Supporters inverted the argument. Through the European Economic Area (EEA) and the Schengen Area, Iceland participates in the single market, the Emissions Trading System and programmes such as Erasmus and Horizon; this has required the adoption of some 9,000 EU legal acts, without any Icelandic vote on their content, since the country is represented in neither the Council nor the European Parliament. Guðbjörg Ríkey Thoroddsen Hauksdóttir of the Centre for Arctic Studies at the University of Iceland characterised the pro-membership position as resting on the observation that "Iceland already adopts EU policies through the EEA without having voting rights", so that accession would increase rather than diminish national influence. Fisheries and agriculture are excluded from the EEA arrangement.

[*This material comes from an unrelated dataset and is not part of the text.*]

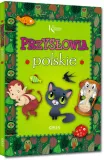 przyslowia-polskie
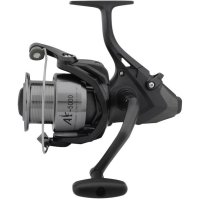 Mulineta Okuma AK Baitfeeder (Marime Tambur: 5000) - 1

=== Economy, the króna and the euro ===
Economic arguments centred on the Icelandic króna and the cost of living. At the time of the referendum the Central Bank of Iceland's policy rate stood at 8.00%, against 2.25% at the European Central Bank, and mortgage rates of around 9% were cited by younger voters as an obstacle to home ownership. Supporters of renewed talks argued that membership and eventual adoption of the euro would reduce borrowing costs and inflation; Vilhjálmur Hilmarsson, chief economist at the trade union Viska, described the euro as a potential "catalyst to a more healthy economy" while cautioning that it would not resolve Iceland's structural weaknesses.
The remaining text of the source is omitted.